Ring-ditch, Levitstown, Co. Kildare
Co. Kildare |
Ritual/Ceremonial
Some archaeological sites announce themselves with tumbled stones or grassy mounds. Others exist only as shadows in a field, visible for a few weeks each summer when the soil beneath a crop betrays what lies below. The ring-ditch at Levitstown, in County Kildare, belongs to that second, quieter category: a circular feature that has no surface expression at all, known entirely through the evidence of a cropmark captured from the air.

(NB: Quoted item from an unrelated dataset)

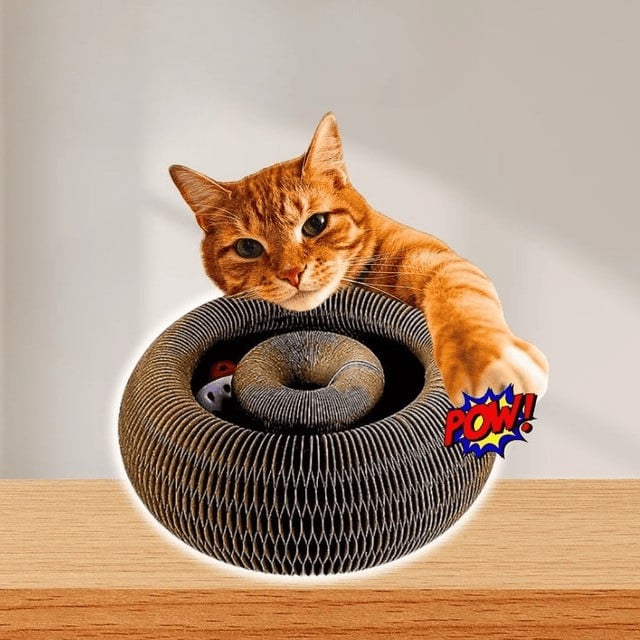 Cat Scratcher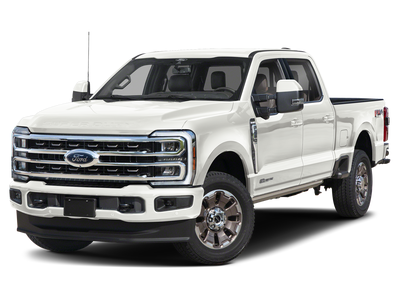 2027 Ford Super Duty F-250 SRW King Ranch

A cropmark forms when buried features, a filled ditch, a collapsed wall, a disturbed layer of soil, affect the moisture and nutrients available to whatever is growing above. In a dry summer, the difference becomes legible: the crop ripens unevenly, leaving pale or lush lines that trace the outline of something buried. It was through exactly this process that Dr. Gillian Barrett identified the site during an aerial photographic survey in 1991. The photograph in question, catalogued as GB91.EB.05, shows not only the ring-ditch itself but also what appears to be a possible field system nearby. Ring-ditches of this kind are generally understood to be the ploughed-down remains of Bronze Age burial mounds, the circular trench that once surrounded a central cairn or mound gradually levelled by centuries of agriculture until nothing protrudes above the ground. The association with a possible field system at Levitstown hints at a landscape that was organised and worked over a long period, though the relationship between the two features remains a matter of interpretation rather than excavation.